[TASK GOAL] Please output the line containing "Pomorskie Zdjęcie nr 3" and all lines that follow it in the data below, exactly, with no pictures.

[MATERIAL SHOWN]
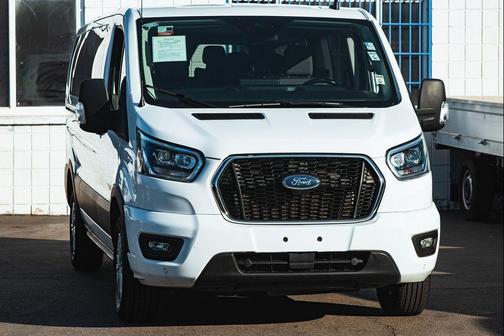 2023 Ford Transit-350 XLT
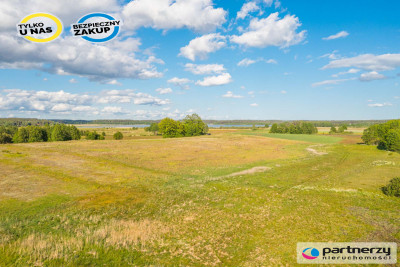 Urokliwa działka - Konarzyny  -
Pomorskie Zdjęcie nr 3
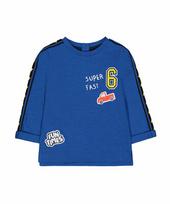 MOTHERCARE marškinėliai ilg.r. TB621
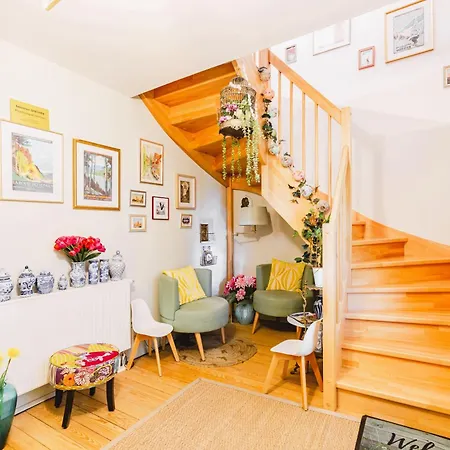 Apartment Maison 1934 - Gare & Parking Gratuit *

[ANSWER BOX]
Pomorskie Zdjęcie nr 3
 MOTHERCARE marškinėliai ilg.r. TB621
 Apartment Maison 1934 - Gare & Parking Gratuit *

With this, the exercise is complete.